— ASSIGNMENT —
Copy the records below word for word. Stop after the line that contains "Hawksbill turtle in Bali Indonesia".

— DATASET —

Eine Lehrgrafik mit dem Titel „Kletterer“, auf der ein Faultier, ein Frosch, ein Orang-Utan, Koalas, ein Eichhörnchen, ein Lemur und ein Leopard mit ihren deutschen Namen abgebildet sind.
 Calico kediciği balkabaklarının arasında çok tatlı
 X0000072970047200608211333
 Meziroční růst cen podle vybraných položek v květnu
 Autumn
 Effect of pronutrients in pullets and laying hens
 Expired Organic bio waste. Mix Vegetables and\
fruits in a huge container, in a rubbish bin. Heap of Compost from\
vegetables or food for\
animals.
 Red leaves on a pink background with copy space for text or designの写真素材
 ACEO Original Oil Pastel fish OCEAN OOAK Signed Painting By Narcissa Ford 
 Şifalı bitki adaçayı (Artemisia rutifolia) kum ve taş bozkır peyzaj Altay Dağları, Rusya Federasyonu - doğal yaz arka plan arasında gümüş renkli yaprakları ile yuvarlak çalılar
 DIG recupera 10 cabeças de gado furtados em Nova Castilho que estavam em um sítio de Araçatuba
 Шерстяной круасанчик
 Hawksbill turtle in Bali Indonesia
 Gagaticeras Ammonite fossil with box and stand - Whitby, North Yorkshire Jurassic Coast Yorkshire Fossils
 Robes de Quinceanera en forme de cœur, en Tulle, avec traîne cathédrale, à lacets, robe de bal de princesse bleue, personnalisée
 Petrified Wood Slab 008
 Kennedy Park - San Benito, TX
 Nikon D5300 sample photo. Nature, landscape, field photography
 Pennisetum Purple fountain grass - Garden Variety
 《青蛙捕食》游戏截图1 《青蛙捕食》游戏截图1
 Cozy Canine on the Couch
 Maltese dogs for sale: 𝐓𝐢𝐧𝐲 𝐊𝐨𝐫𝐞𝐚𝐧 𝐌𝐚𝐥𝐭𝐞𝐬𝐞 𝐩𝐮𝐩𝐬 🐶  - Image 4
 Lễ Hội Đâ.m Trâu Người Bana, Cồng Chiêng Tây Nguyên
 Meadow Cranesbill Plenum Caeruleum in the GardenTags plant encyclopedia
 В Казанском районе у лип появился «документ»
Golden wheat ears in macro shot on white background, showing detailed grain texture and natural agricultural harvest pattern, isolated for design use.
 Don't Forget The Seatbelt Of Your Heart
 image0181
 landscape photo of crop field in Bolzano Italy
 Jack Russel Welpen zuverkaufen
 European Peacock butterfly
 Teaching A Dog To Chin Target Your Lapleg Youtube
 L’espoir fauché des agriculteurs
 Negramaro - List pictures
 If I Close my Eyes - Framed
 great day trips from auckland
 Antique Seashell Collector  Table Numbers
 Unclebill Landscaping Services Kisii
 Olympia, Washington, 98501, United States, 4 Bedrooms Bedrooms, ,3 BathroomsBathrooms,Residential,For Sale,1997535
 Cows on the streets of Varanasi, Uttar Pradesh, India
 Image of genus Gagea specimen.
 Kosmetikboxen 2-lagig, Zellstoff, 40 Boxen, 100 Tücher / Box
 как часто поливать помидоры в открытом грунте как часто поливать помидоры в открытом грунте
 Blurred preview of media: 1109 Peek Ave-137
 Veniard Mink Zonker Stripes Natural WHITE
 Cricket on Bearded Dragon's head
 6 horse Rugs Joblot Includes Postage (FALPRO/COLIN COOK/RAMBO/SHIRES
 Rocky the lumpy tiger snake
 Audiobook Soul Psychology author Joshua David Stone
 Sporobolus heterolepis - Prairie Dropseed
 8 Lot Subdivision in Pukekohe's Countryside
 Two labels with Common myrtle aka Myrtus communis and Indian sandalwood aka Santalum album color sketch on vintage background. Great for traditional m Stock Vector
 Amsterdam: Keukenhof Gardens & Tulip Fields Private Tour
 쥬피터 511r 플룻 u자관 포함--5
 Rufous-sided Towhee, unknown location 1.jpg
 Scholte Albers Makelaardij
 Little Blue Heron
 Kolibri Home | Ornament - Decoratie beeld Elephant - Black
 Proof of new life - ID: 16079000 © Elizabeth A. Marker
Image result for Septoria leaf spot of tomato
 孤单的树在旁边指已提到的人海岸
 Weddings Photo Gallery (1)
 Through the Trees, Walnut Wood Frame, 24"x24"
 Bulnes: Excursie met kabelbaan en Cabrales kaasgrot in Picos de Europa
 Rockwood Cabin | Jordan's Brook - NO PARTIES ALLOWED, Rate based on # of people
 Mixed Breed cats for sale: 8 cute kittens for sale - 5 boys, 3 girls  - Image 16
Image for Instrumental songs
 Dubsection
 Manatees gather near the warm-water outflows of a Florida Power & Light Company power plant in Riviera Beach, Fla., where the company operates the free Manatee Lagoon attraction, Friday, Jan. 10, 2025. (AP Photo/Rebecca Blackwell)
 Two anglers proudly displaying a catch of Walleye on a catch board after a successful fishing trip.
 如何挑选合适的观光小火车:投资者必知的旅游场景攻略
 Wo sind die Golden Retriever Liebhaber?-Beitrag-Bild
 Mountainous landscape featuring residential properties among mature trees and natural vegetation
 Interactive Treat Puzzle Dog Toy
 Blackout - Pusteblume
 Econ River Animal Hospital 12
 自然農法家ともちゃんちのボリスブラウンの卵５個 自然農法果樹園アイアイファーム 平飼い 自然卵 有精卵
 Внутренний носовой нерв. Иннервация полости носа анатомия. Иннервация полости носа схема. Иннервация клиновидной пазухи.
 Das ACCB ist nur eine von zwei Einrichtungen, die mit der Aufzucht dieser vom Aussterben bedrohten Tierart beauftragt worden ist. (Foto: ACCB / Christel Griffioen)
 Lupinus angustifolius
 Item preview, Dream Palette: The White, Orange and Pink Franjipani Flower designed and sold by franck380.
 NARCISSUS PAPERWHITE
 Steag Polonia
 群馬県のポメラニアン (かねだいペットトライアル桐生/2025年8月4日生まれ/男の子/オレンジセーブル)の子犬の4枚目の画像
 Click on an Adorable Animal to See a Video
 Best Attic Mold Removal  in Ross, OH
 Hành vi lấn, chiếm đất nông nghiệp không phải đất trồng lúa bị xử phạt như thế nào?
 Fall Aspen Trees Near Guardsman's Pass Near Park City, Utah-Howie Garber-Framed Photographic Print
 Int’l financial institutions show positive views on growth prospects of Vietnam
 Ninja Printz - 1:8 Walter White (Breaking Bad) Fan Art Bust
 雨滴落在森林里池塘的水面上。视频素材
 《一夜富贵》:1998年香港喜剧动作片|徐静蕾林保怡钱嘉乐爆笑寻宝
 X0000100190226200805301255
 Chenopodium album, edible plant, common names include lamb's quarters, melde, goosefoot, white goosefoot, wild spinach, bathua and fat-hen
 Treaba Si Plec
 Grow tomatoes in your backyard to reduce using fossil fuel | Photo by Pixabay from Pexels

— SOLUTION FOR THIS TASK —
Eine Lehrgrafik mit dem Titel „Kletterer“, auf der ein Faultier, ein Frosch, ein Orang-Utan, Koalas, ein Eichhörnchen, ein Lemur und ein Leopard mit ihren deutschen Namen abgebildet sind.
 Calico kediciği balkabaklarının arasında çok tatlı
 X0000072970047200608211333
 Meziroční růst cen podle vybraných položek v květnu
 Autumn
 Effect of pronutrients in pullets and laying hens
 Expired Organic bio waste. Mix Vegetables and\
fruits in a huge container, in a rubbish bin. Heap of Compost from\
vegetables or food for\
animals.
 Red leaves on a pink background with copy space for text or designの写真素材
 ACEO Original Oil Pastel fish OCEAN OOAK Signed Painting By Narcissa Ford 
 Şifalı bitki adaçayı (Artemisia rutifolia) kum ve taş bozkır peyzaj Altay Dağları, Rusya Federasyonu - doğal yaz arka plan arasında gümüş renkli yaprakları ile yuvarlak çalılar
 DIG recupera 10 cabeças de gado furtados em Nova Castilho que estavam em um sítio de Araçatuba
 Шерстяной круасанчик
 Hawksbill turtle in Bali Indonesia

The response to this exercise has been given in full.